RE: One of Those Moments in Time: Musings on a Failed Assassination
Hey! Makes me remember that Socrates quote about disobidient kids:
“The children now love luxury; they have bad manners, contempt for authority; they show disrespect for elders and love chatter in place of exercise. Children are now tyrants, not the servants of their households. They no longer rise when elders enter the room. They contradict their parents, chatter before company, gobble up dainties at the table, cross their legs, and tyrannize their teachers.”

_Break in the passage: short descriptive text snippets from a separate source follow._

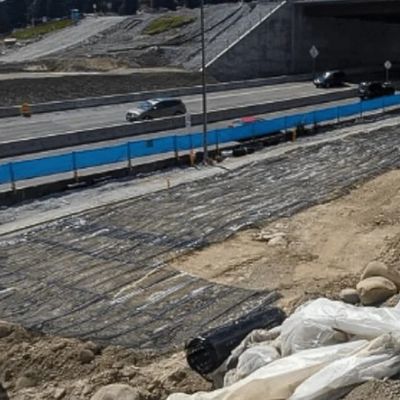 Alta resistencia a la tracción y pequeño alargamiento Fibra de vidrio geogrid para el refuerzo del suelo de la carretera Proyecto de protección de la pendiente de la presa y control de arena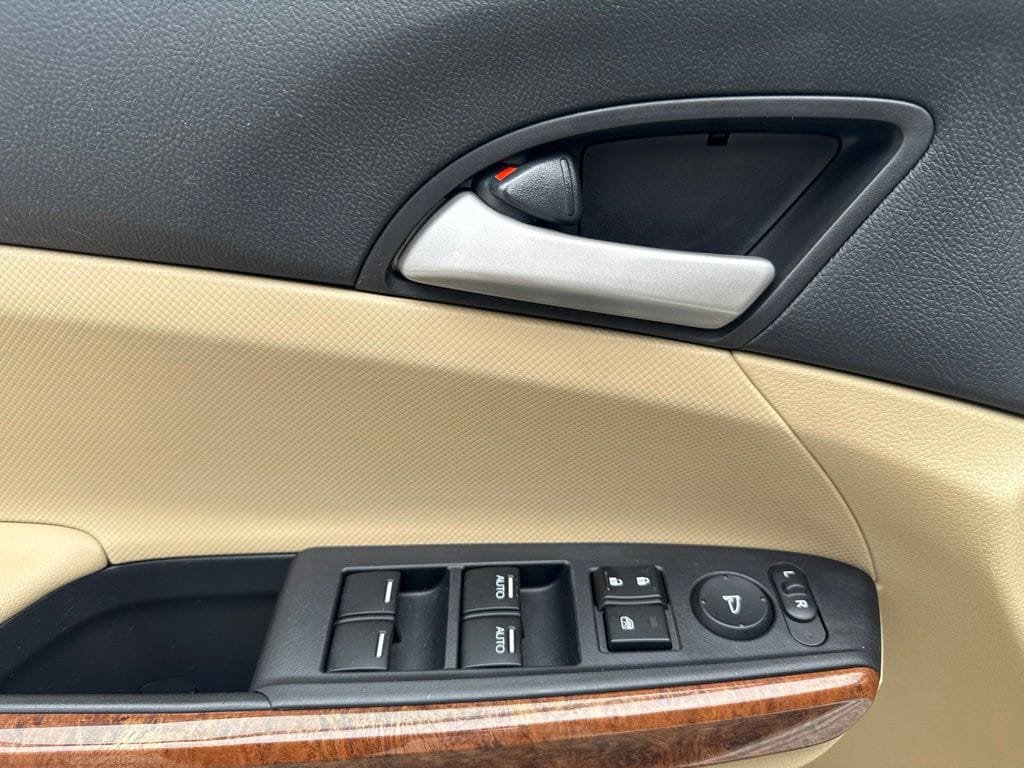 Used 2011 Honda Accord EX image 13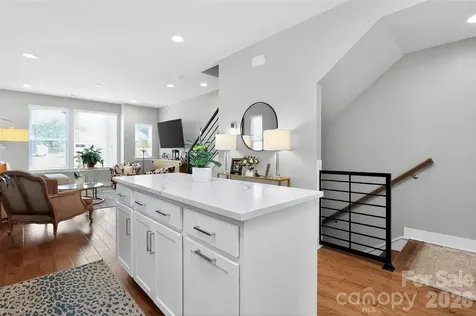 2111 Isom Street Charlotte NC 28208
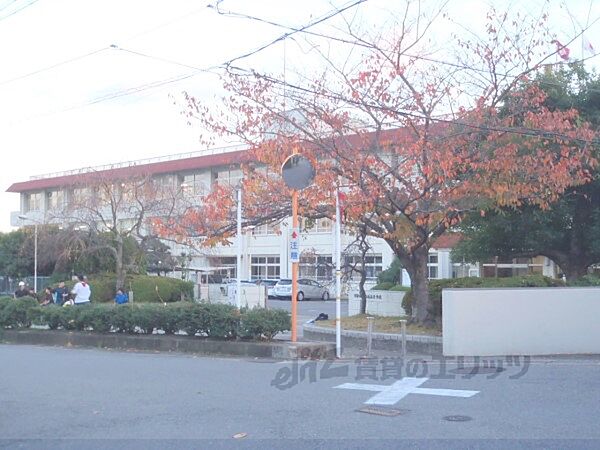 京都府立洛西高等学校まで950メートル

Overall I'm starting to appreciate the balance in things and even though change might be overall beneficial, maybe it should happen organically. And that's coming from a boderline pathological contrarian, who tends to be anti-establishment by natural sentiment. So it's not like I couldn't find things to complain about, but then there's that tendency to make things worse. On the other hand, you probably can't just do nothing either. Per defnition, that is. Like "doing" nothing itself seems oxymoronic. In that sense, circling back to the political stuff, I'm all for checks and balances. Like having an upper age limit for political offices makes sense. Having to pick between two 90 year olds doesn't.
In terms of lost values I'm missing personal integrity, but granted I'm a bit of a hypocrite myself. I suppose power was always something you shouldn't give to people who've been looking for it, but it seemingly has gotten worse. In my humble opinion the ends don't justify the means, for the most part, but to some life is just Game of Thrones I guess. I genuinely hate that machiavellian stuff.
Edit: Oh, by the way. Remember when I told you I was trying to write a novel? It's weird because as soon as I'm trying to write actual narrative I'm instantly blocked, but then when I'm writing stupid comments on the internet I effortlessly ramble for days. Ironically enough maybe even about narrative. Go figure!